Comments:"Is Foxconn Fleeing China? Sure Looks Like It. - Forbes"
URL:http://www.forbes.com/sites/gordonchang/2013/02/24/is-foxconn-fleeing-china-sure-looks-like-it/
Foxconn Technology Group sent Apple Inc. stock reeling on Wednesday. Shares plunged 2.4% on reports that the world’s largest contract manufacturer of electronics—and Apple’s largest assembler—had imposed at its Chinese plants a hiring freeze lasting until at least the end of next month. The Financial Timesattributed the unusual move to slowing production of the iPhone 5.
Foxconn, the trading name of Hon Hai Precision Industry, denied the FT report, stating that hiring was put on hold because an unusually high proportion of workers returned to their jobs after the long Lunar New Year break. In Shenzhen, for instance, more than 97% of the 400,000 employees reported back to duty. That, in the words of spokesman Louis Woo, was an “unprecedentedly high” rate. In a statement, Foxconn said the freeze “is not related to any single customer and any speculation to the contrary is false and inaccurate.”
Reports in the Chinese-language media indicate the Financial Times got it mostly right, but the big story is not the percentage of returned workers or whether Apple’s phone sales are suffering. The big story is what Terry Gou, Foxconn’s founder and chief executive, said about his upcoming investment plans.
Last Monday, Gou announced that Foxconn’s next major expansion push would be focused on Taiwan, where he wanted to put plants in New Taipei City, Taichung, and Kaohsiung. This comes at a time when the company is putting off the expansion of one of its China facilities, in Zhengzhou.
Gou founded Foxconn in Taiwan in the 1970s, and moved manufacturing away from the island republic to Shenzhen at the end of the 1980s. Now, he is beginning to reverse the process. Moreover, Gou is committing even more funds outside China. For instance, Foxconn will soon open facilities that will employ another 10,000 workers in Brazil. At the same time, he is negotiating with authorities to commit as much as $10 billion to factories in Indonesia.
And then there is the good ole U.S.A., where Foxconn already makes server parts in California and Texas. Said Louis Woo, the spokesman, “We are looking at doing more manufacturing in the U.S. because, in general, customers want more to be done there.”
One of those customers would, of course, be Apple. CEO Tim Cook, in an interview last December, said his company will spend more than $100 million this year to build Mac computers in America. “This doesn’t mean that Apple will do it ourselves, but we’ll be working with people and we’ll be investing our money,” he said.
The Apple boss did not give many details. A few points, however, seem clear: Cook, with his reference to “people,” was looking to partner with Foxconn in the U.S., production would be shifted from China, and more than just final assembly will take place in America.

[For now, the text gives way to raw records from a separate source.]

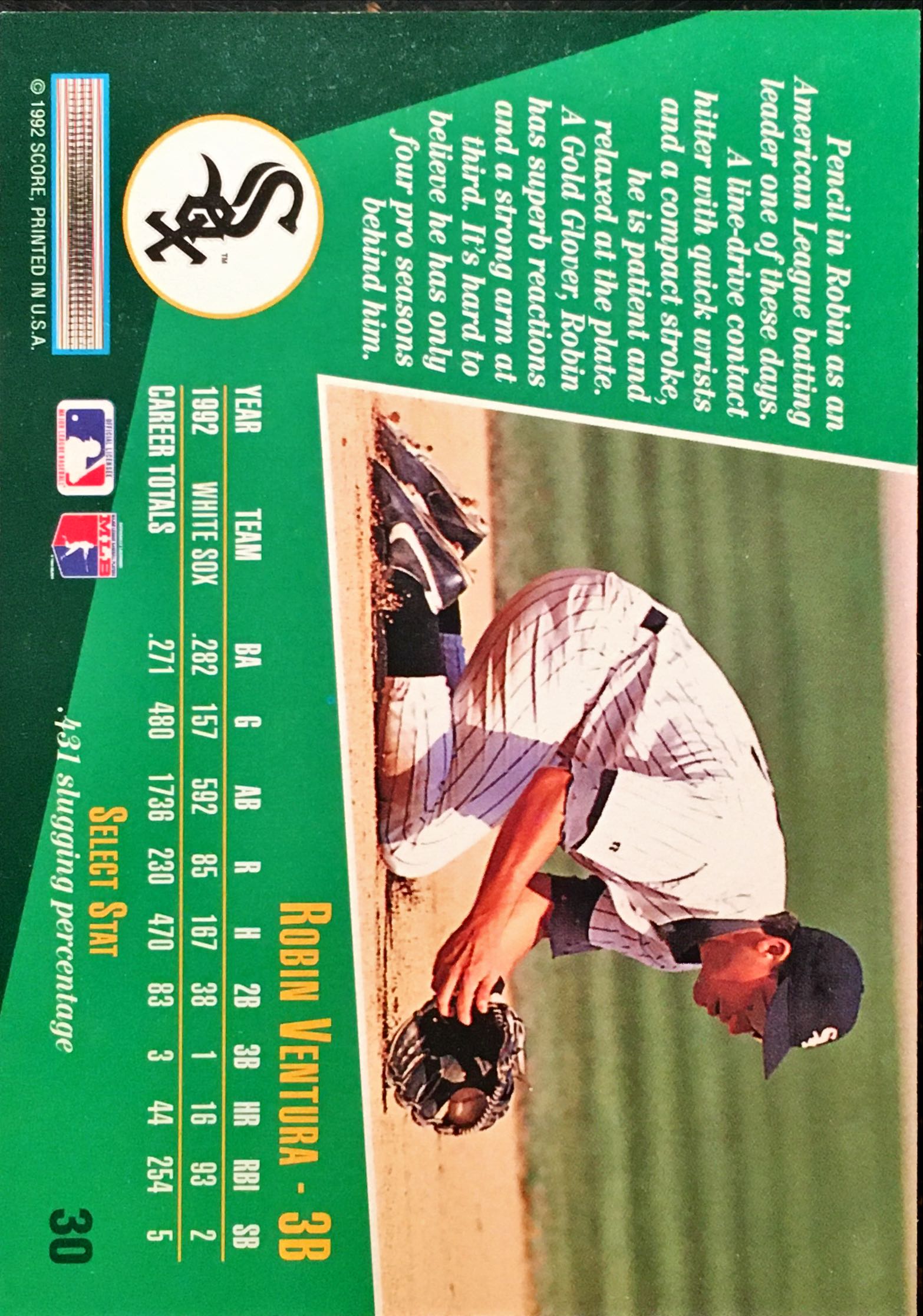 1993 Select  30 back image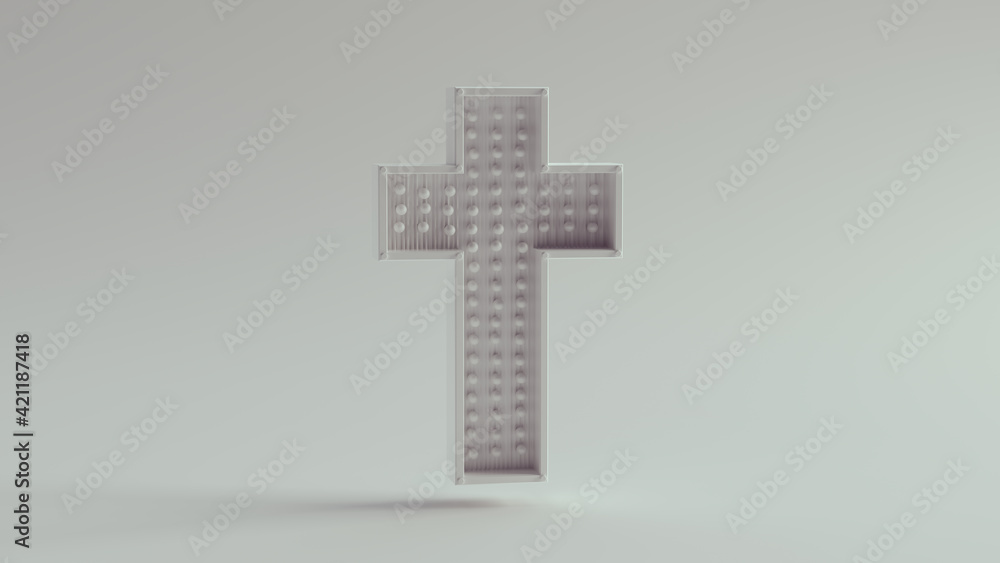 White Cross 3d illustration render White Cross 3d illustration render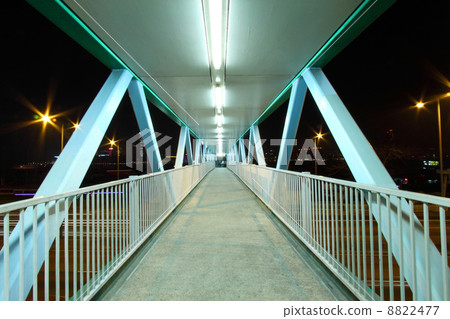 Footbridge at night 8822477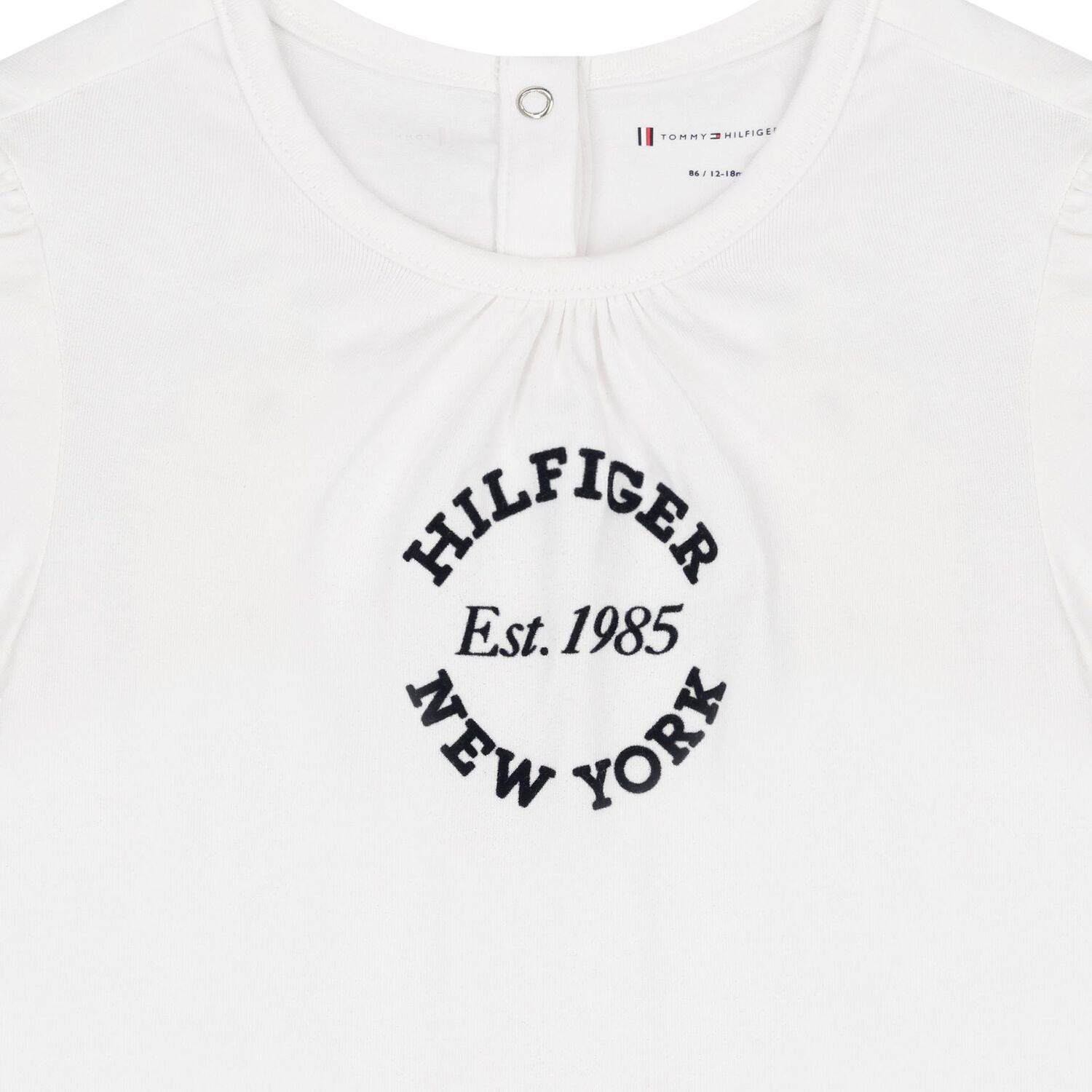 تيشيرت للبنات بالشعار باللون الأبيض, 2, hi-res image number null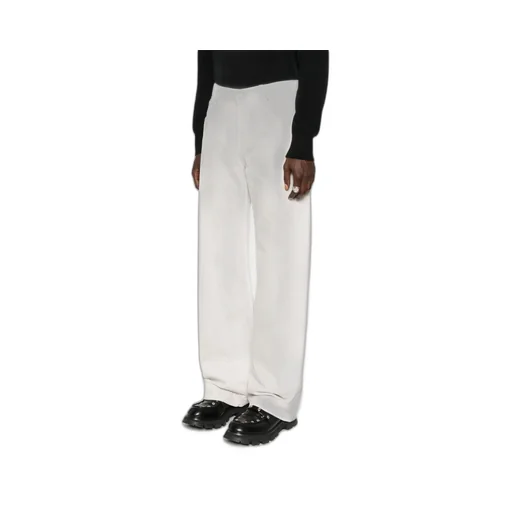 Logo Patch Wide-Leg Jeans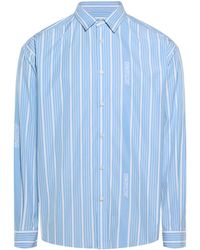 Jacquemus - La Casaコレクション ブルー&ホワイト La Chemise Simon シャツ - Lyst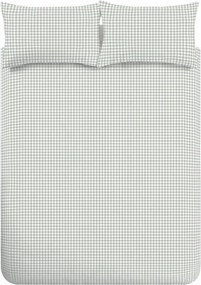 Set copripiumino e federa verde per letto matrimoniale 3 pezzi 200x200 cm Bamford Gingham Check – Catherine Lansfield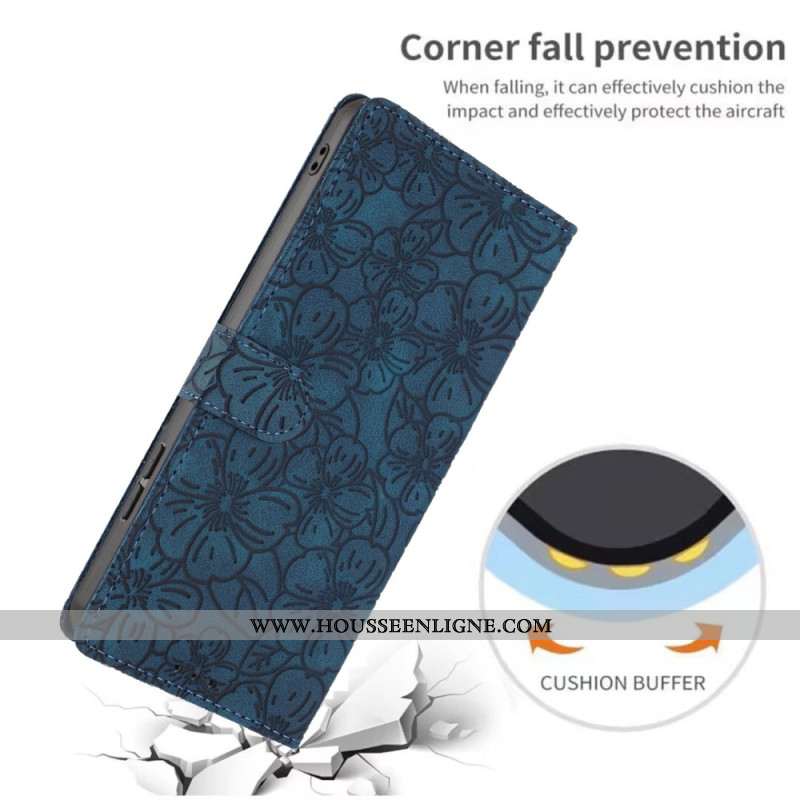 Housse Samsung Galaxy S26 Plus Gravure Fleurs de Cerisier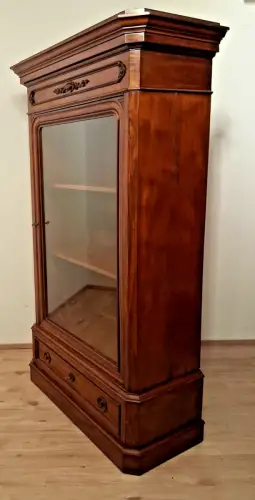 Vitrine Bibolotheksschrank Bücherschrank Antik ca. 1870 Jh. Louis Philipp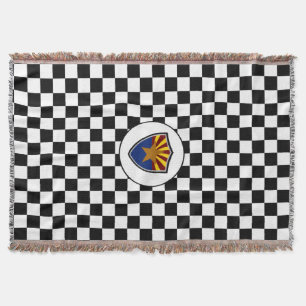 Arizona flag throw blanket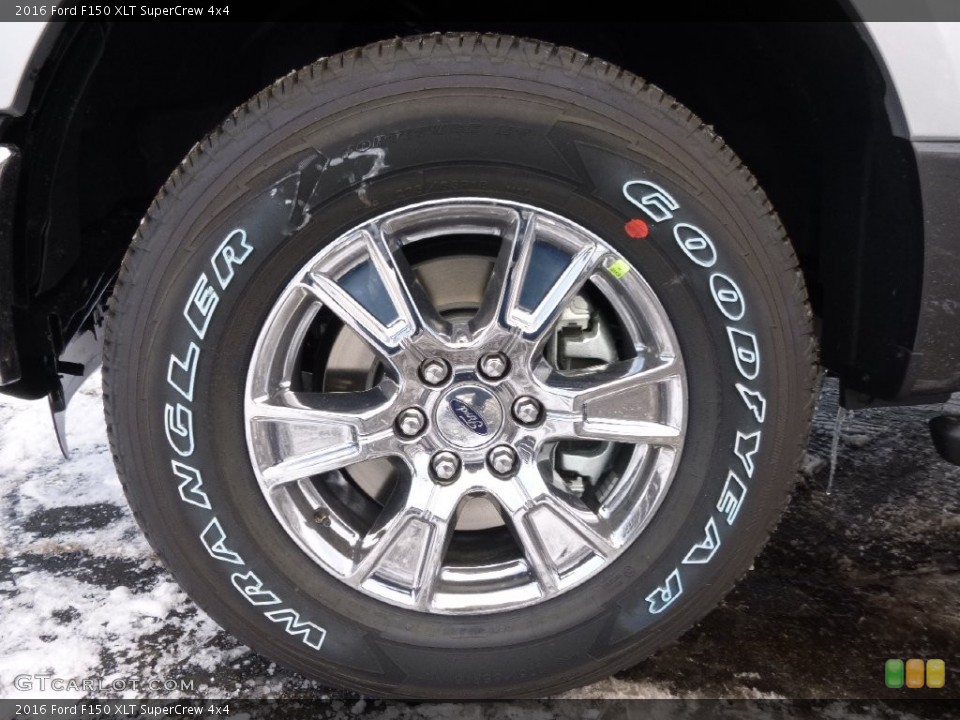 2016 Ford F150 XLT SuperCrew 4x4 Wheel and Tire Photo #109817289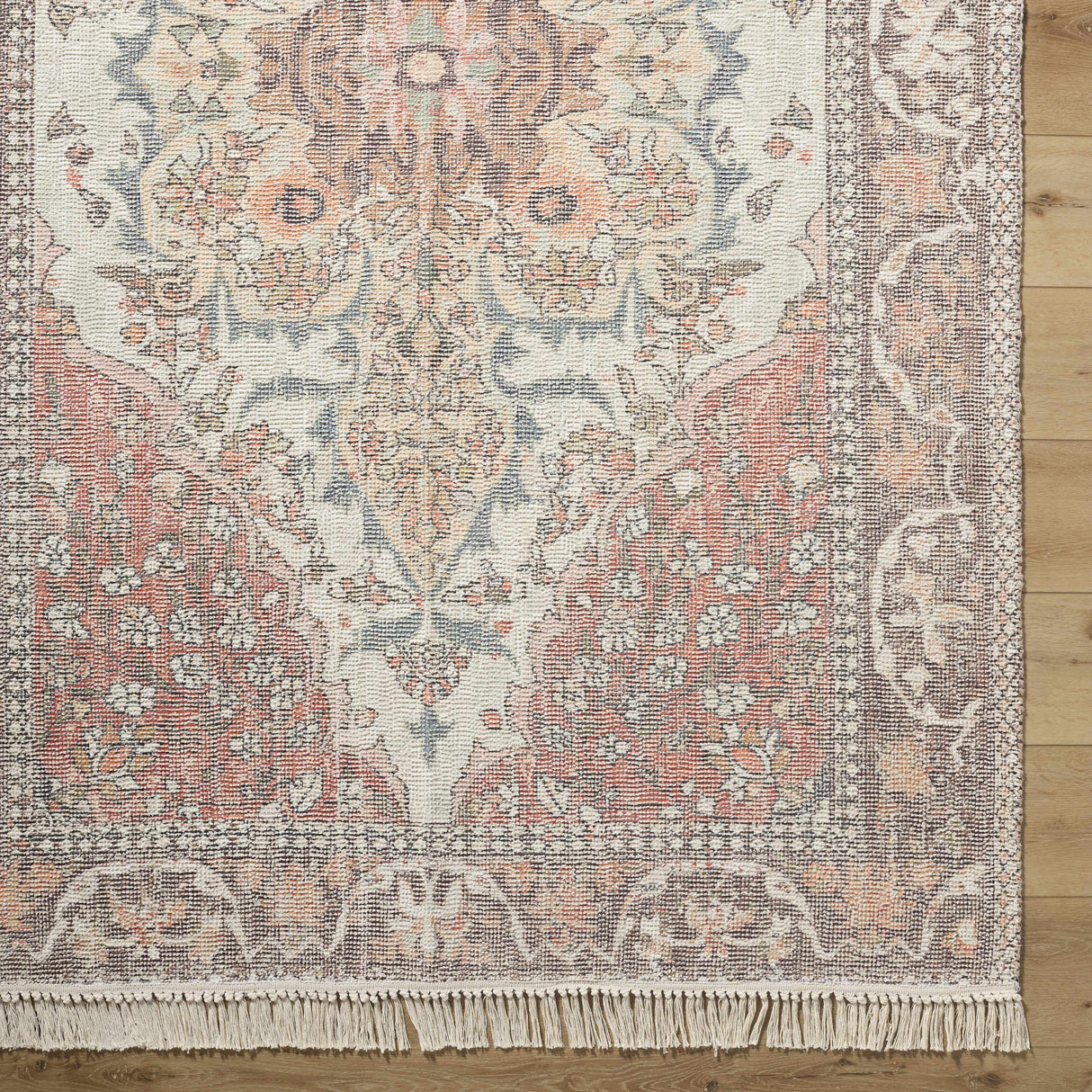 Bohdan Terracotta Area Rug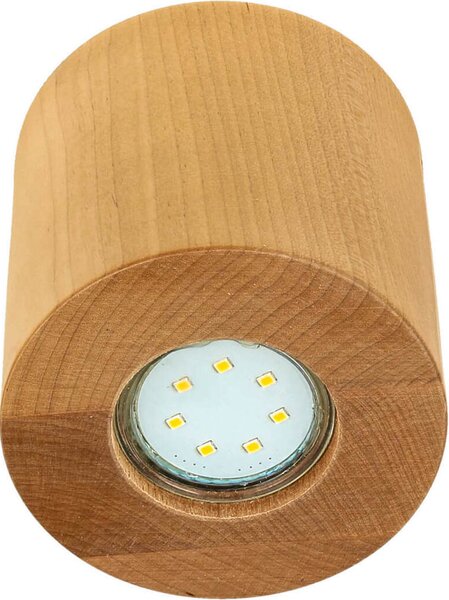 Plafoniera GU10 in legno naturale Plafoniera moderna per cucina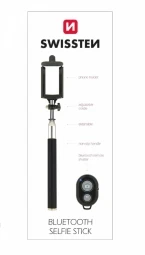 Swissten Bluetooth asmenukių lazda, skirta mobiliesiems telefonams ir fotoaparatams su nuotolinio valdymo pultu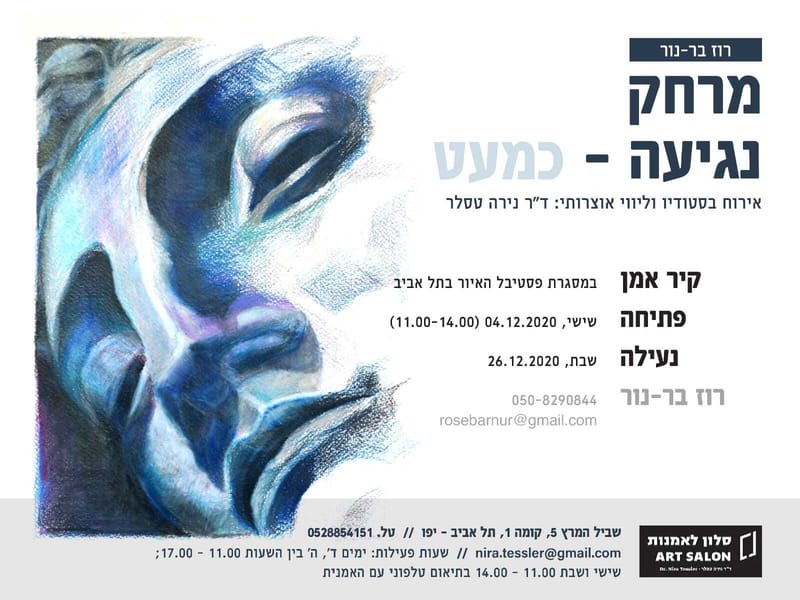 מרחק נגיעה כמעט - קיר אמן לרוז בר-נור בסלון לאמנות 4.12.2020 - 26.12.2020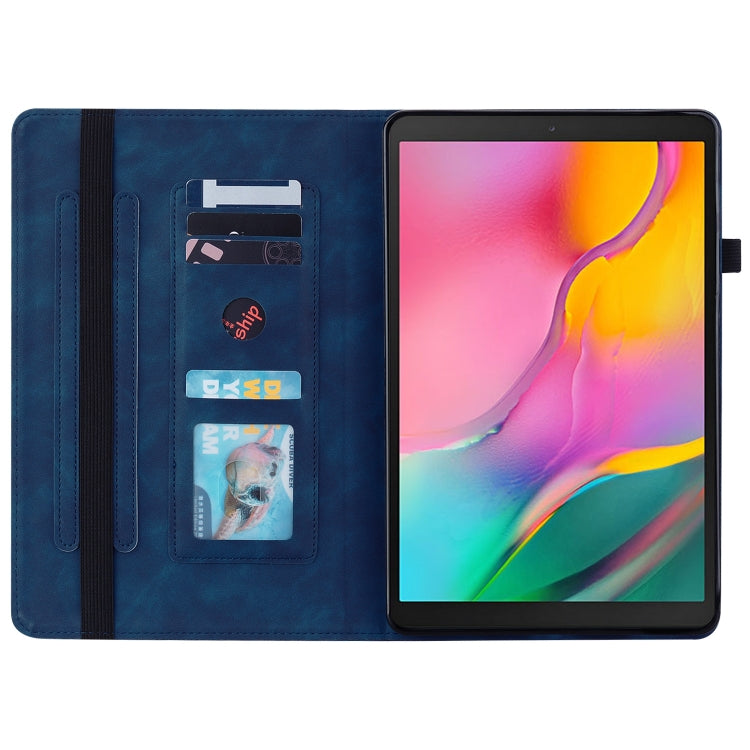 For Samsung Galaxy Tab A 10.1 2019 T510 Skin Feel Solid Color Zipper Leather Tablet Case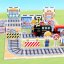 Magnetne ploščice Railway City Magnetic Tiles – vlak in železniške proge, 85 kos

Foxconn, China’s largest private-sector employer, looks as if it should be firmly tied to the People’s Republic. About 1.5 million of its 1.6 million workers are there, and its operations in Mexico and Europe seem marginal to its business. Yet now it’s evident that, despite everything, the company’s growth will be outside China.
Why should Gou leave the country that made him rich and famous? There are, for starters, spiraling wages, worker discontent, forced unionization, tough environmental enforcement. But the big factor today—and the one no one thought about three years ago—is political risk. Beijing wants territory controlled by its neighbors and, as a result, China is getting itself into nasty scrapes, especially with Japan. Moreover, the Chinese have designs on the sovereign state of Taiwan, which they consider their 34th province. For IT companies, China’s friction with these two countries is a problem because many of their products rely on Japanese and Taiwanese components.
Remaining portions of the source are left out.